In other words, this society was created to provide an occasion for interdisciplinary research presentations and free exchange of ideas on immune-mediated neurological diseases; that is, in the new academic field of neuroimmunology. We aim to succeed those great minds that established this society, and take a leap forward into a new age.

I believe that the true identity of the Japanese Society of Neuroimmunology lies in those areas of neuroimmunology focused on brain, nerve and muscle diseases. The members of this society target various neuroimmunological diseases. Furthermore, it has become clear in recent years that neurodegenerative disorders have a strong relationship with immune-related mechanisms. Therefore, this society also targets the immunological aspects of neurodegenerative diseases; for example, the neuroglial inflammation in amyotrophic lateral sclerosis and Alzheimer's disease. In terms of basic science, neuroscience and immune science related to brain, nerve and muscle are included. In terms of clinical science, breakthroughs on disease pathomechanisms and the development of novel immune therapies targeting not only neuroimmunological diseases, but also neurodegenerative disease, are covered. In this way, this society targets wide research areas with neuroimmunological science at the core. Thus, the aim of this society is to facilitate the development of new immunological treatments for intractable neuroimmunological and neurodegenerative diseases, based on the elucidation of the mechanisms underlying such diseases, and to bring to patients the most appropriate remedy.
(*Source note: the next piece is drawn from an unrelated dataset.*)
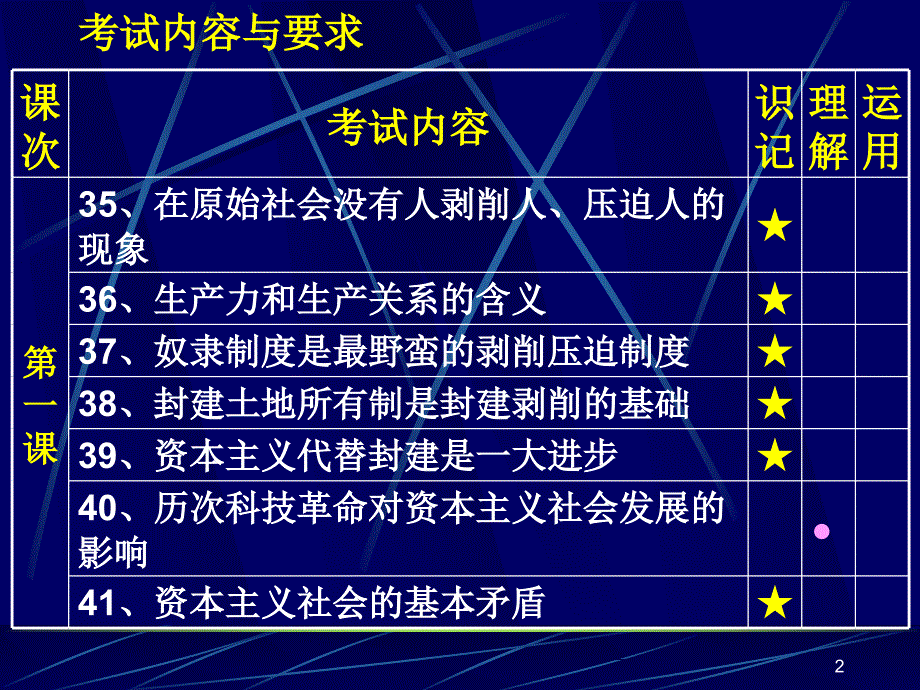 初三政治总复习PPT课件_第2页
As the publication of this society, Clinical and Experimental Neuroimmunology offers the opportunity to present interdisciplinary research spanning a wide range of areas, from basic to clinical. I think this journal has assumed a role in dispatching important information as the sole journal targeting neuroimmunology-related research in Asia. For the past 3 years, it has been published in three annual issues as issues 1–3. The role for this journal has become larger in light of the rapid progress in the area of neuroimmunology. Therefore, I have decided to enhance the editing system following my recent appointment as President of this society. This is done in an attempt to remain current with the rapid progress in neuroimmunology. To achieve this, I expect that the review and publication processes of this journal will be promoted, and the presence of the journal within the neuroimmunology research field will be escalated. I welcome submissions not only from our membership, but also from non-members around the world. The enhancement of the editing system will enable us to provide more polite review comments and more rapid review. With such strengths and a wider acceptance of submissions, better communication of important information in the field is expected. Our emerging role is to present cutting-edge information as an international opinion leader in the field of neuroimmunology. We will work hard toward the fruition of these goals together with the new Chief Editors. We all look forward to receiving submissions.